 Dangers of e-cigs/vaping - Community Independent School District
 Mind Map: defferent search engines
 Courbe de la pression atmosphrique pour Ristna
--
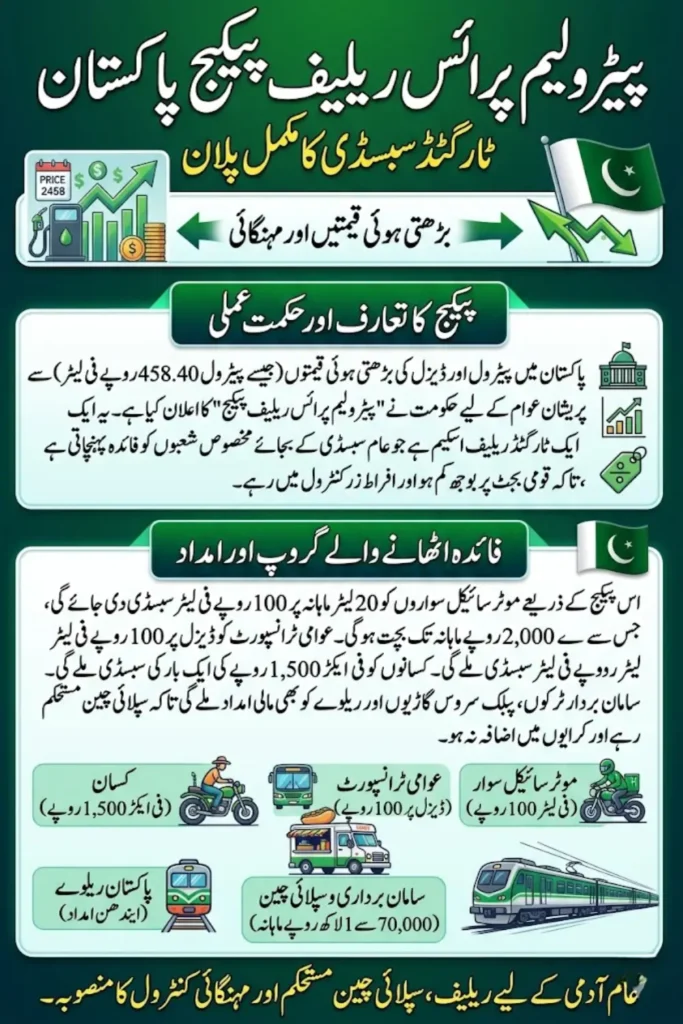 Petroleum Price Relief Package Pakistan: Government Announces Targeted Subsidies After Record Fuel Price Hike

### [WORK INSTRUCTION]
Keep both end lines and retype everything in the records above from the line containing "Dangers of e-cigs/vaping" through the line containing "Courbe de la", exactly, with nothing else.

### [ANSWER TO THIS EXERCISE]
 Dangers of e-cigs/vaping - Community Independent School District
 Mind Map: defferent search engines
 Courbe de la pression atmosphrique pour Ristna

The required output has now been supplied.